Paul de Grauwe, now at the London School of Economics, wrote a short and influential paper in May last year on the frailties of the euro zone–and the reason that financial markets attached a much greater default risk to Spain that they did to the U.K, despite the latter’s higher debt burden.

The British government, he explained, could always be sure of funds to roll over its debt in important part because of the Bank of England could as a last resort be prevailed upon to buy that debt; by contrast, the Spanish government cannot force the Bank of Spain or the European Central Bank to buy its debt.

“Members of a monetary union issue debt in a currency over which they have no control. It follows that financial markets acquire the power to force default on these countries. This is not the case in countries that are not part of a monetary union, and have kept control over the currency in which they issue debt. These countries cannot easily be forced into default by financial markets.”

Today, Mr. De Grauwe follows up this paper with another, entitled “How Not To Be a Lender of Last Resort, in which he argues that the ECB’s Long-Term Refinancing Operations–in which the central bank provided cheap three-year loans to banks–won’t succeed for long and that the “sovereign debt crisis will explode again.”

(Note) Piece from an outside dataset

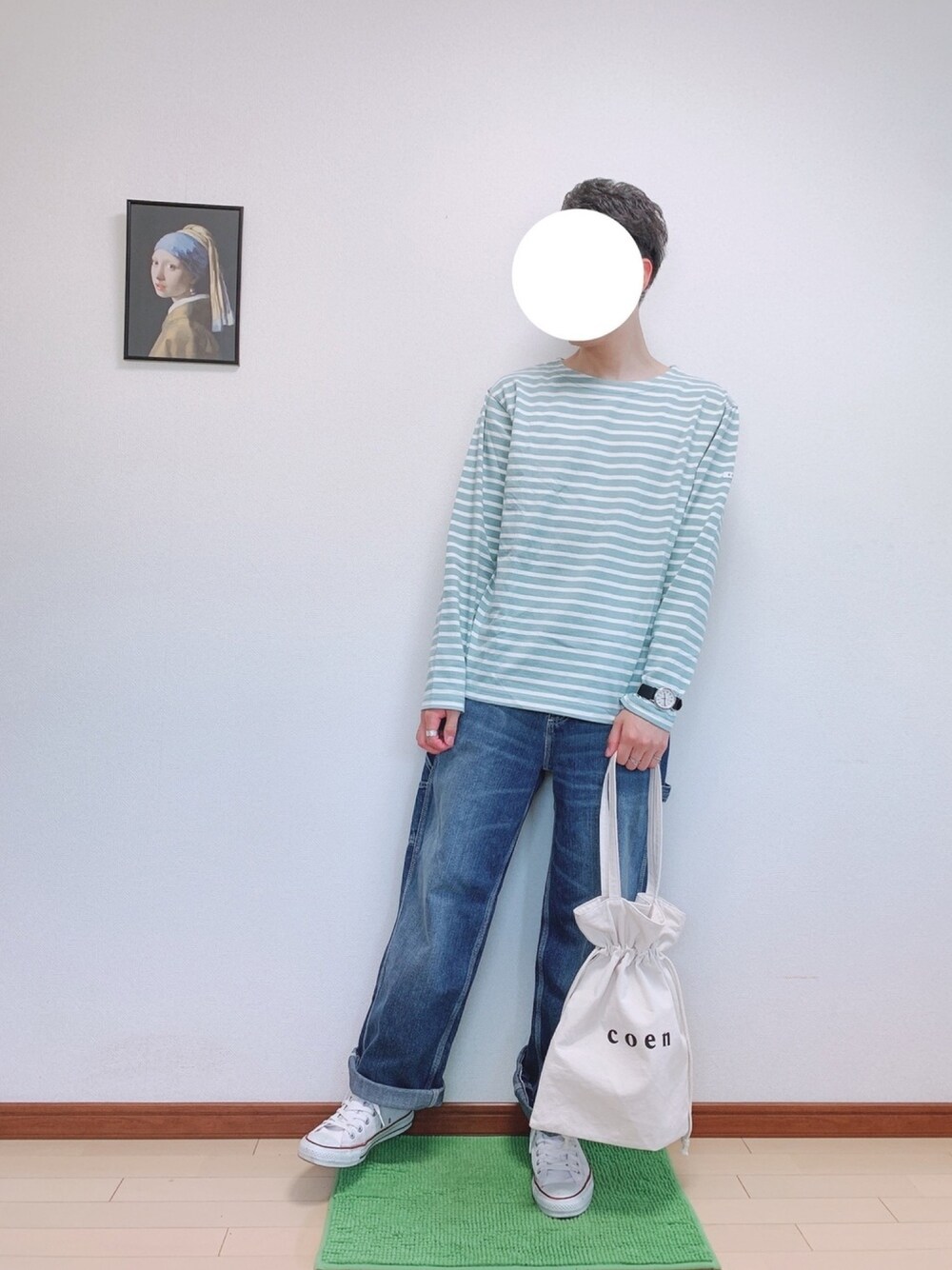 グリーン系のTシャツ/カットソー、ブルー系のデニムパンツ、ホワイト系のトートバッグを着用したメンズの夏コーディネートの1枚目の写真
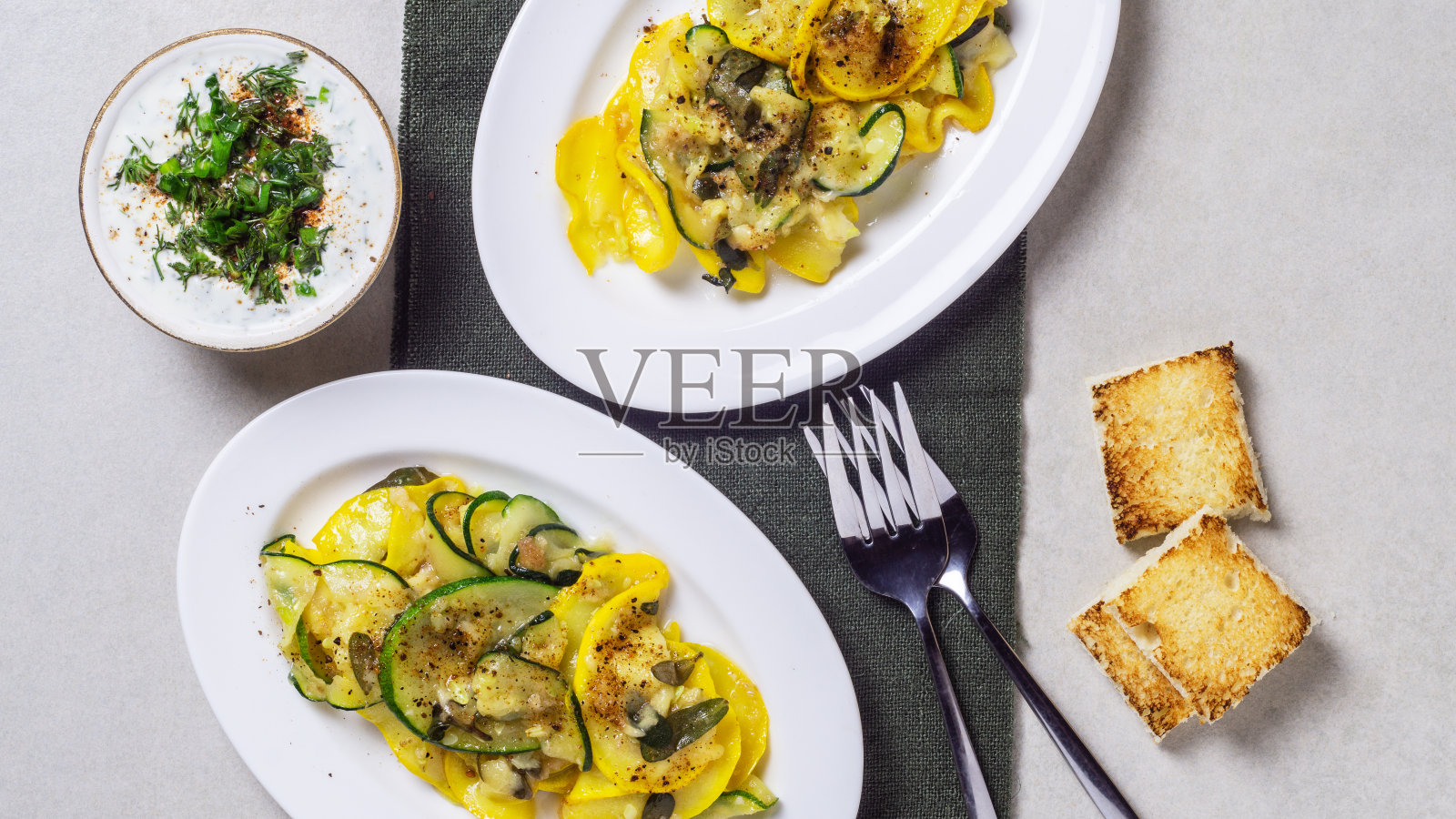 炸西葫芦配融化的奶酪，香草和大蒜照片摄影图片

Direct intervention in the sovereign bond markets, he says, “is the only way to save the euro zone.”

There are three unfortunate consequences, he says, of using the LTRO indirectly to calm the government debt turmoil instead of intervening directly in troubled sovereign bond markets, which is strongly opposed by Germany because it implies direct central-bank financing of government budgets.

  1. Banks channel only a fraction of the liquidity they receive into the sovereign bond markets, forcing the ECB to pour in much more liquidity than if they had intervened directly in the government bonds.
  2. New waves of panic may grip the bankers again, leading them to sell off government bonds–undermining the credibility of the operation.
  3. Massive injections of liquidity create wider moral hazard problems than direct sovereign-bond market interventions. “Banks are now given unlimited sources of funding to make easy profits. This reduces their incentives to restructure their balance sheets that will make them more resilient in the future,” he writes.

He concludes:

“It is often said that Germany will never accept such direct interventions. Today this German opposition is difficult to overcome, and explains why the ECB reverted to the indirect LTRO program. But what is politically impossible today may in the end be accepted when it becomes obvious that direct intervention is the only way to save the euro zone. It would help if the German opponents liberate themselves from the dogma that it is a sin to create liquidity to buy government bonds when these bonds appear on the ECB’s balance sheet, while the same operation is viewed as virtuous when these bonds appear on the balance sheets of banks.”